Batas-batas itu telah luruh dan semakin tak terkendali. Media telah menjadi ancaman serius dibalik manfaatnya yang besar bagi dunia pendidikan dan ilmu pengetahuan serta lebih luas lagi bagi kehidupan manusia pada umumnya. Tidak dapat dihindari bahwa globalisasi menjadi sebuah instrumen hubungan internasional namun jika bangsa kita tidak waspada dan memiliki filter yang kuat maka sangat dimungkinkan Indonesia akan kalah dalam peperangan yang di era dewasa ini dikenal sebagai perang hibrida.
Mungkin kita pernah mendengar terminologi perang proxy (indirect warfare) dan perang assimetric (non konvensional), namun dalam konteks perang hibrid, sebenarnya tidak jelas siapa aktor yang berperan namun karena sifatnya yang sangat mencair,soft dan agile agenda perang hybrid dijalankan untuk mencapai output secara bertahap hingga pemenang dalam perang ini dapat menguasai target untuk kepentingan si aktor. Lalu bagaimana untuk mengidentifikasi siapa dan berbuat apa aktor dari perang hybrid tersebut khususnya yang menargetkan Indonesia sebagai obyeknya.
Pertama, kenali typologi aktor yang merupakan sel dari induknya yang lebih besar dimana si induk tersebut bisa jadi bukan merupakan state actor (aktor negara) namun bisa merupakan organisasi berbasis massa dan ideologis yang juga eksis di negara lain bahkan si induk bisa jadi lahir dan tumbuh di suatu negara yang juga menganggapnya sebagai parasit. Aktor ini bisa menyuarakan misi berbasis dogmatis dan aliran-aliran kepercayaan melalui doktrinisasi dengan media kitab suci dimana salah satu targetnya yaitu mengalihkan kepercayaan masyarakat Indonesia terhadap Ideologi Pancasila yang sudah disepakati sebagai landasan filosofi negara kepada ideologi yang mengusung fundamen keagamaan, seperti contohnya gerakan mendirikan khilafah (Negara berbasis agama Islam).

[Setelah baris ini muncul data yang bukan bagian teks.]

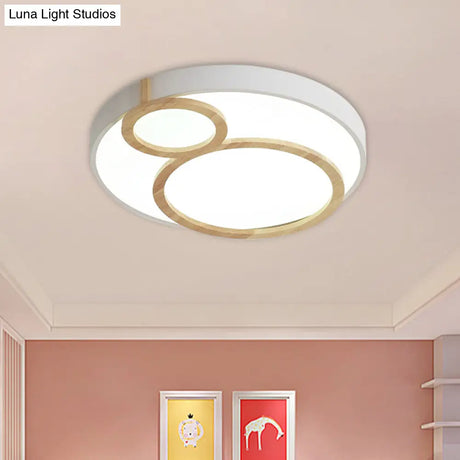 Macaron Acrylic Led Flush Mount Light Fixture With Wood Accent - White/Green/Grey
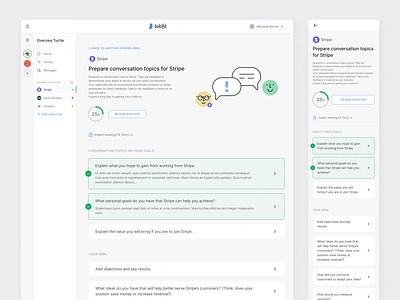 Jobfit web app design — job seeker interface activity digital product education employee feedback form input jobs notification product design questionnaire quiz responsive saas sidebar software status ui uiux web app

Kedua, Agitasi secara frontal yang ditujukan untuk memancing reaksi negara baik dalam tujuannya untuk meningkatkan penggunaan kekuatan aparat oleh negara agar dikemudian hari, isu-isu Hak Azasi Manusia menjadi alasan untuk state actor maupun non state actormelakukan intervensi secara fisik dan non fisik. Isu-isu tentang HAM ini sangat lazim digunakan untuk membatasi peran militer dan mendeligitimasi munculnya tokoh berlatarbelakang militer ke pentas politik nasional mengingat hal tersebut dapat menghambat upaya-upaya state actor dalam mencapai tujuannya. Mengapa? Karena dalam perkembangan kehidupan demokrasi di Indonesia, isu-isu supremasi sipil atas militer ternyata telah berhasil merubah skema politik negara bahkan tidak segan-segan menempatkan militer sebagai handicap bagi sekelompok kepentingan yang ingin berkuasa. Upaya-upaya tersebut bahkan dilakukan secara terbuka dengan menggunakan propaganda baik lewat media maupun kegiatan kampanye berbisik dari kampus ke kampus, sekolah ke sekolah, rumah ibadah dan instansi-instansi pemerintah dan swasta.

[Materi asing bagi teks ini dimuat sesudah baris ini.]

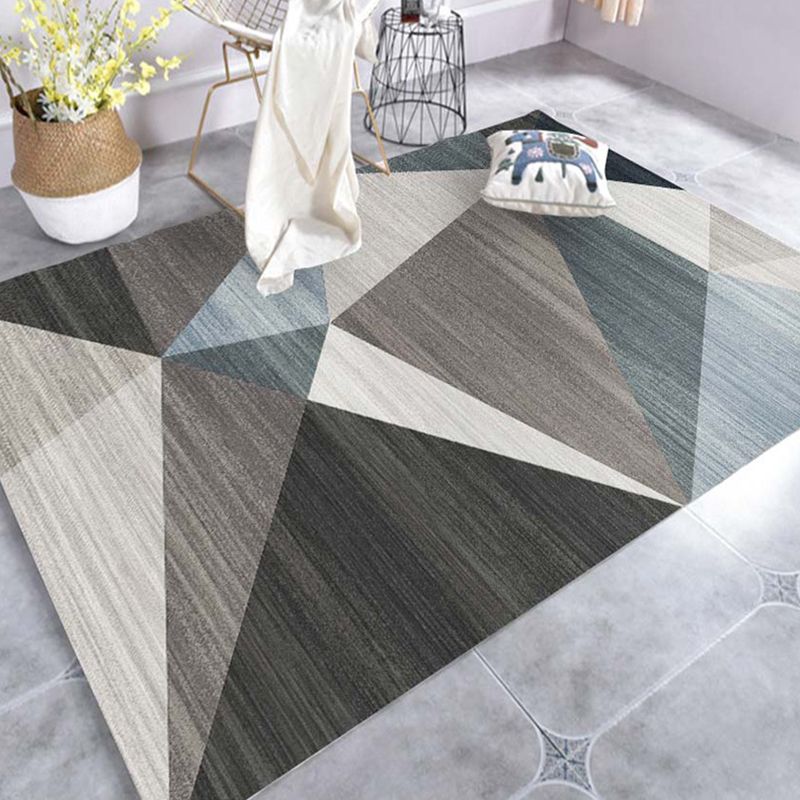 Modern Geo Pattern Rug Multi Colored Cotton Blend Area Carpet Non-Slip Pet Friendly Indoor Rug for Parlor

Ketiga,Infiltrasi kedalam sektor Pemerintahan melalui agen-agen baik non state actor maupun state actor yang menunggangi lembaga-lembaga pemerintah yang masuk dengan memanfaatkan peluang lewat rekruitmen terbuka maupun mekanisme politis dan demokratis. Juga sangat mungkin, agen-agen tersebut sengaja disusupkan ke lembaga militer maupun kepolisian. Output dari kegiatan infiltrasi tersebut biasanya memiliki spektrum yang sangat luas melalui kebijakan yang pragmatis dan sektoral. Karakteristiknya dapat berupa upaya-upaya pelemahan terhadap rancangan dan rencana pemerintah dalam memperkuat sektor pertahanan dan keamanan nasional.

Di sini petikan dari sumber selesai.